О чём, бишь, я? Когда о рассказах-то Тулушевой? Да это я о рассказах и говорю, таких горьких — хоть не дочитывай, потому что в каждом на глазах погибают дети. Ну, а перестройка-то причём? А вот при том, что тот же Александр Сергеич ещё в стихотворении “Из Пиндемонти (“Недорого ценю я громкие права, // от коих не одна кружится голова...”) вычёркивал строки: “При звучных именах РавЕнства и Свободы, // Как будто опьянев, беснуются народы”. Вычёркивал, очевидно, потому, что ему ещё казалось, что такому предупреждению не время. Но — гений же и русский же человек! — наперёд видел, что однажды этот зачёркнутый стих проступит из черновика. И вот теперь мы “постарались” — теперь уже время, потому что, когда “беснуются народы”, остаются без присмотра дети, которых тотчас уловляют расчётливые молодцы от наркотического рынка.
Рассказы Елены Тулушевой об этом — о грани бессилия и безразличия, грани чужой и своей истории. Мы скрываем от себя эту страшную действительность и прячем глаза от статистики, по-детски надеясь, что не скажешь и, авось, оно само и уйдёт. И не надо будет загораживать от детей спиной страницы невыносимых книг, чтобы нечаянно не подтолкнуть их в гибельную сторону. Не напишешь, заслонишь — и вроде как не будет. Как Андрей Битов когда-то говорил о “вине” Достоевского, написавшего “Бесов”. Не написал бы их такими “беспокойно умными”, их бы и не было, а был бы один уголовный случай в подворотне. А только уже прочитанного не спрячешь. Останется занозой и обострит зрение. Выйдешь вечером из дома посидеть в тишине на берегу Великой или Псковы, а уж нет-нет под ногами — и шприц. Как укол в сердце.
И сразу перестройка-то “ломкой” оборачивается. И, закрыв последнюю страницу, всё равно не найдёшь покоя. Даже и сами названия рассказов теперь в оглавлении просто так не пройдут. Вроде взяты первые, что под рукой. А лучше не оборачиваться. Ну, что тут глубокого-то? А раздумаешься и не будешь знать, как унять сердце. Это наш с вами “первенец” — эта беременная несовершеннолетняя детдомовская девочка накануне родов, и родится ли её ребенок без ВИЧ, которым она заражена, отчего-то вроде и от нас зависит. И это “рядом ходит” наше дитя, может быть, друг нашего сына, у которого “не было пионерских лагерей на три смены и школьных кружков, не было вожатых или других старших, которые бы приглядывали, поддерживали, а были тревожные взгляды мамы, её слезы и папины бесконечные подработки, поиски денег”. Как всеобще, как горько похоже! И нам решать, как спасти их обоих.
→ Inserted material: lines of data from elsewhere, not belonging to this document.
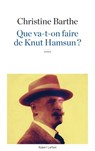 Que va-t-on faire de Knut Hamsun ? - Christine Barthe - 9782221221310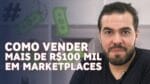 10 DICAS PARA VENDER NOS MARKETPLACES E MINAR A CONCORRÊNCIA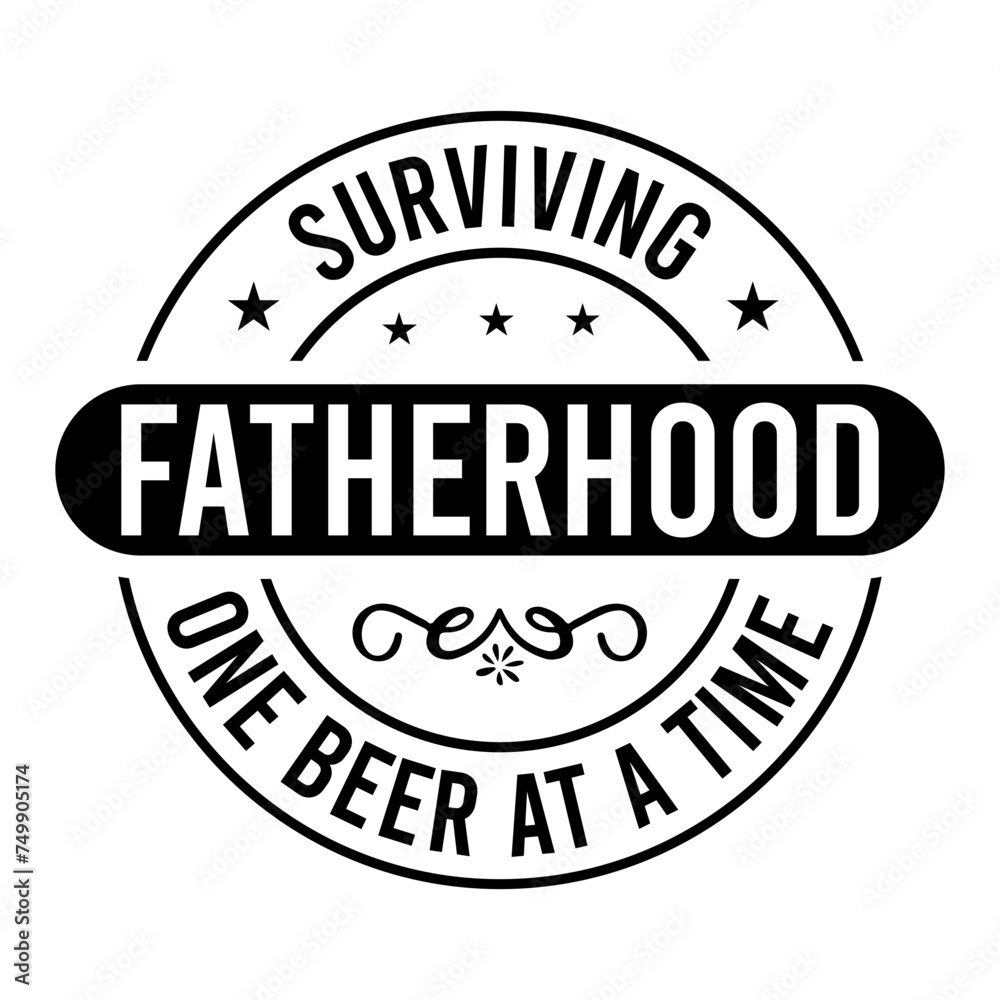 Surviving Fatherhood One Beer At A Time SVG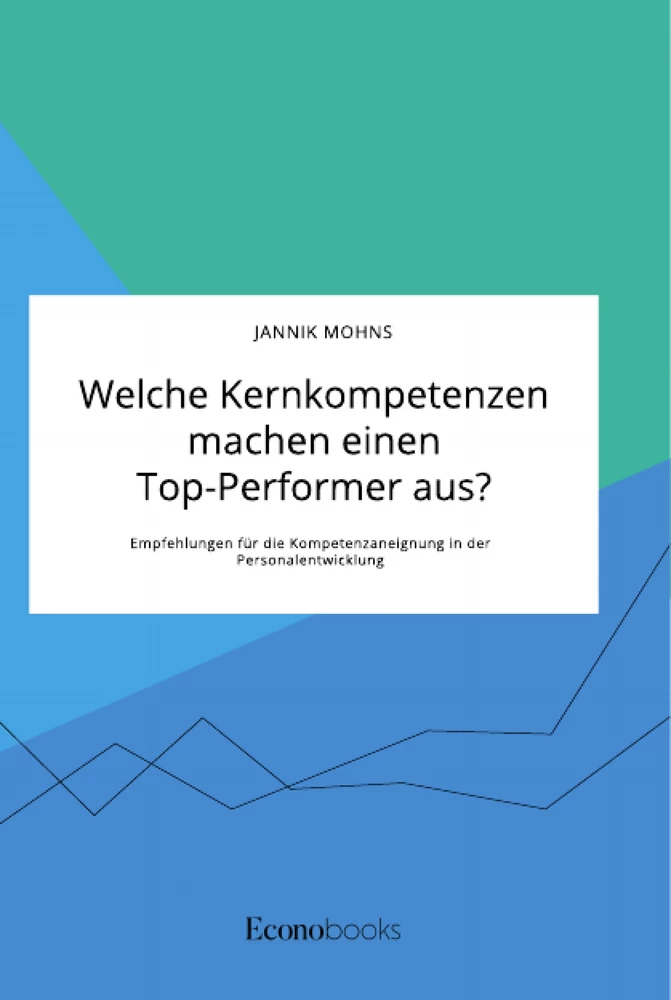 Título: Welche Kernkompetenzen machen einen Top-Performer aus? Empfehlungen für die Kompetenzaneignung in der Personalentwicklung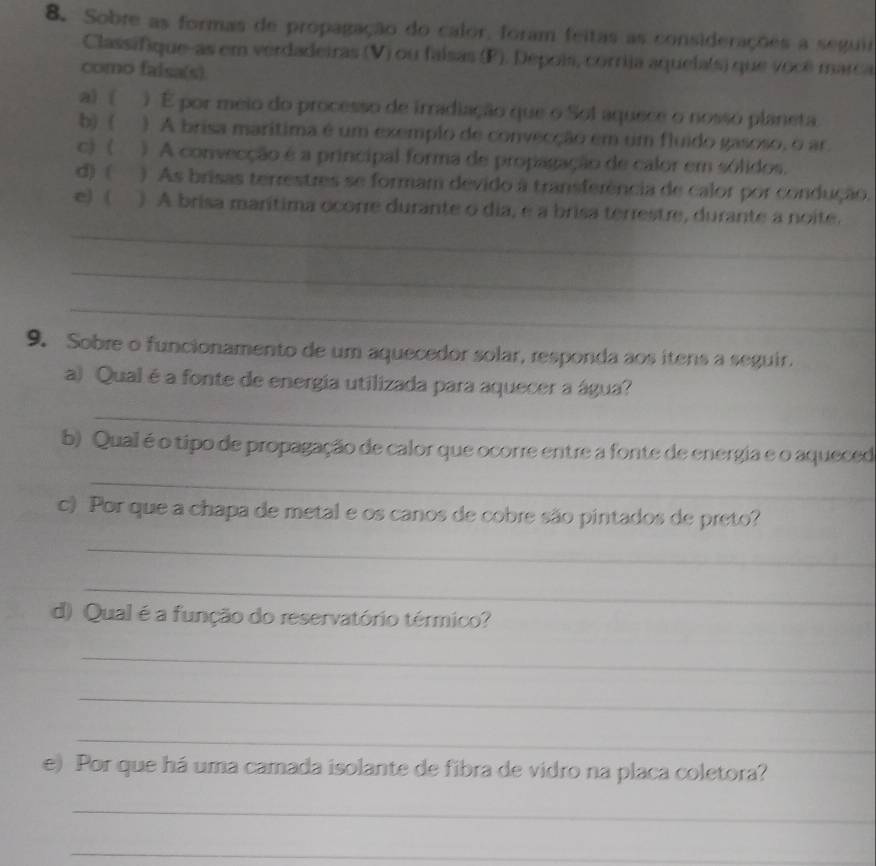 Sobre as formas de propagação do calor, foram feitas as considerações a seguir 
Classifque-as em verdadeiras (V) ou falsas (F). Depois, corrija aquela(s) que você marca 
como falsa(s) 
a) ( ) É por meio do processo de irradiação que o Sol aquece o nosso planeta. 
b) ( ) A brisa marítima é um exemplo de convecção em um fluido gasoso, o ar 
c) ( ) A convecção é a principal forma de propagação de calor em sólidos. 
d) ( ) As brisas terrestres se formam devido à transferência de calor por condução. 
_ 
e) ( ) A brisa marítima ocorre durante o dia, e a brisa terrestre, durante a noite. 
_ 
_ 
9. Sobre o funcionamento de um aquecedor solar, responda aos itens a seguir. 
a) Qual é a fonte de energia utilizada para aquecer a água? 
_ 
b) Qual é o tipo de propagação de calor que ocorre entre a fonte de energia e o aqueced 
_ 
c) Por que a chapa de metal e os canos de cobre são pintados de preto? 
_ 
_ 
d) Qual é a função do reservatório térmico? 
_ 
_ 
_ 
e) Por que há uma camada isolante de fibra de vidro na placa coletora? 
_ 
_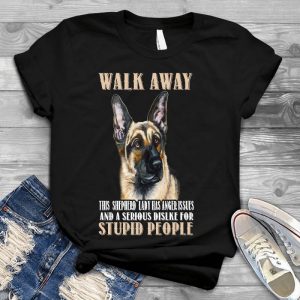 Shepherd- Walk Away Stupid People Family Quote, Best Gift For Dog Lover Cute Dog Image, Dog Quote, Dog Is A Friend, Family Quote, Best Gift For Dog Lover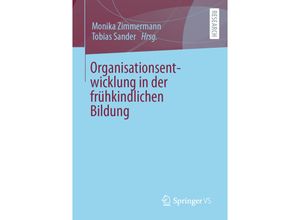 9783658334819 - Organisationsentwicklung in der frühkindlichen Bildung Kartoniert (TB)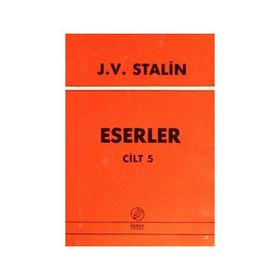 Eserler Cilt: 5 - Josef V. Stalin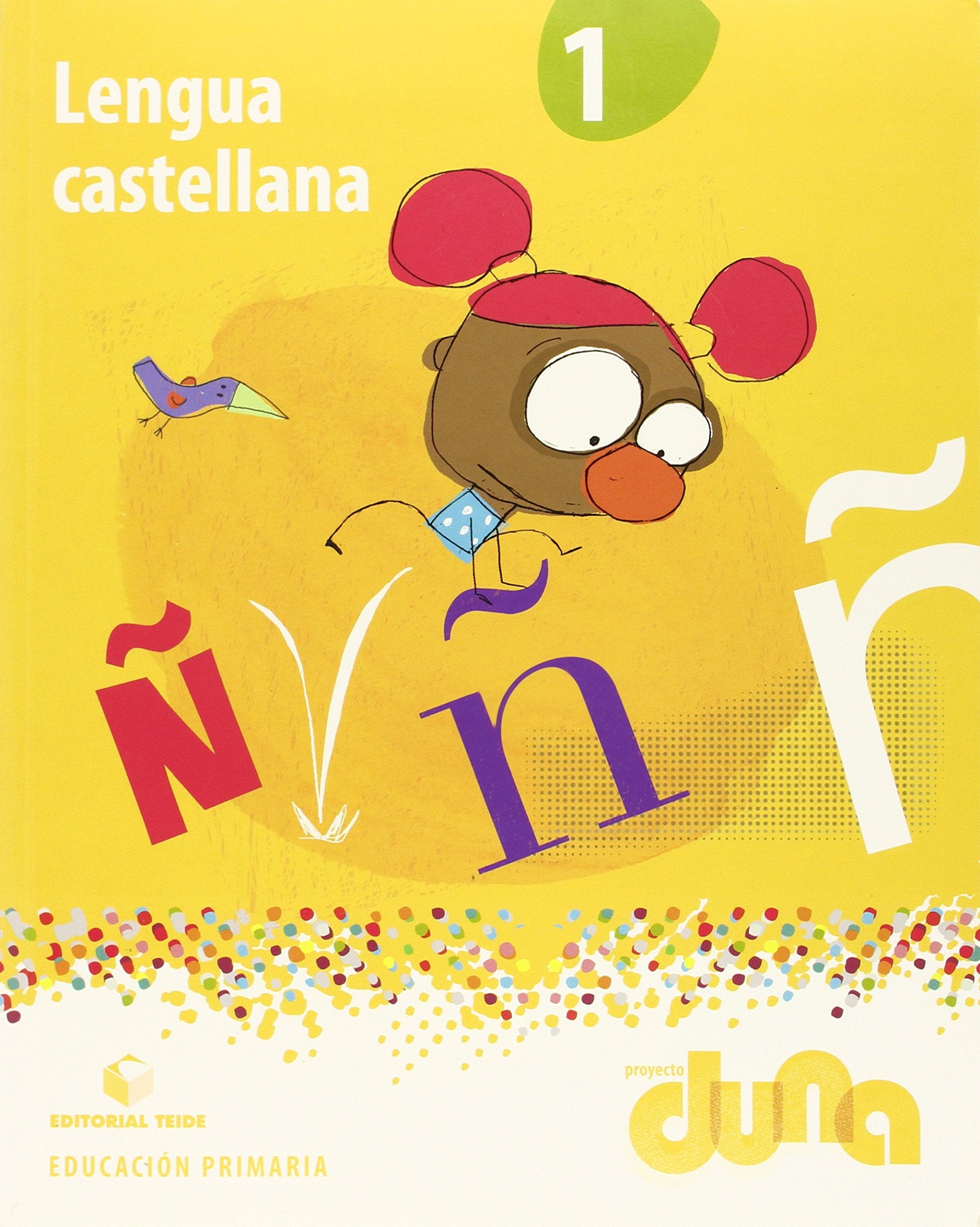 Proyecto Duna, lengua castellana, 1 Educación Primaria Books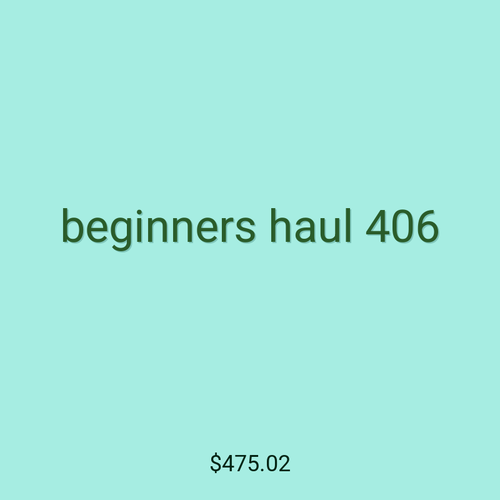 beginners haul 406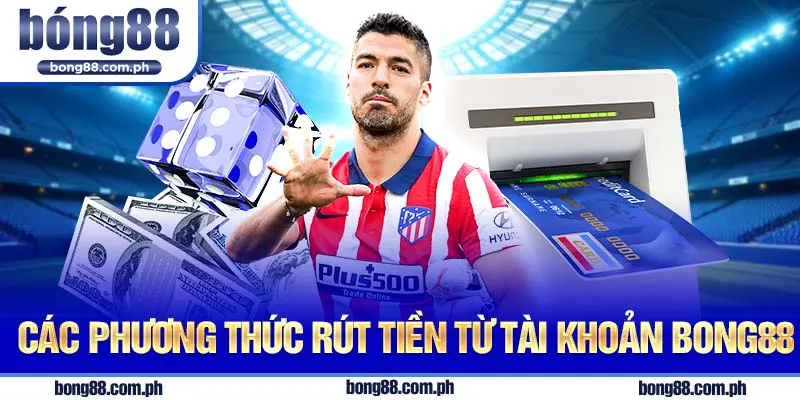 Các phương thức rút tiền từ tài khoản Bong88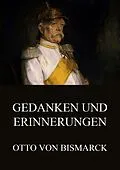 E-Book (epub) Gedanken und Erinnerungen von Otto von Bismarck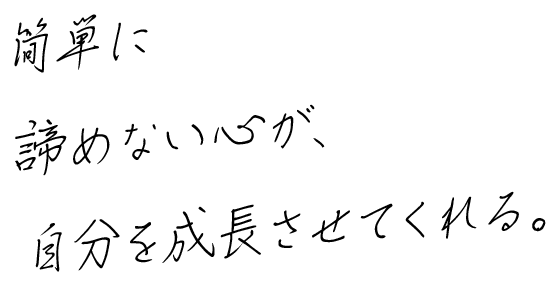 簡単に諦めない心が、自分を成長させてくれる。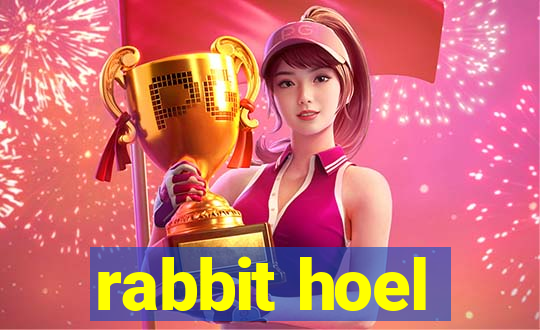 rabbit hoel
И нам болеть оттого, что мальчик из рассказа “Клад” опасно честен, губит, не ведая того, чьи-то жизни, потому что ему надо крестить сестрёнку прежде, чем оба останутся сиротами, потому что “Бог всех, кто к нему приходит, любит и оберегает”. Он заработает столько, чтобы и сестрёнку Бог полюбил”. А “зарабатывает”, не ведая того, передачей наркотиков.
Время так повернулось, что вот и честность стала тревожна. Раньше-то (помните?) у Леонида Пантелеева мальчик не может уйти с “поста” при игре в войну, хотя про него давно забыли поставившие его мальчишки, потому что он дал честное слово. Мы любили этого мальчика и гордились им. А этого боимся, хотя виноваты мы, взрослые. Простые названия (“Первенец”. “Вместе ходит”, “Клад”), а будто всякое слово наизнанку вывернуто — Адам скрестил эти слова с другими смыслами.
Устанешь иногда от щегольства нынешней прозы, от блестящей однодневности, а только соберёшься махнуть рукой, как на твоих глазах слово опять выходит навстречу боли и подставляет своё сердце, чтобы разбудить и защитить нас, потому что знающий — вооружён. Теперь нам уже трудно будет закрыть глаза и притвориться, что мир благополучен, — полдневный свет не даст.
Время может переодеваться как угодно, искать свободы от идеологии, снимать с себя ответственность за якобы чужое прошлое, перед которым “мы не виноваты”, но нравственный закон всё так же незыблем, и Россия по-прежнему, по слову Рильке, есть “часть суши, окружённая небом”.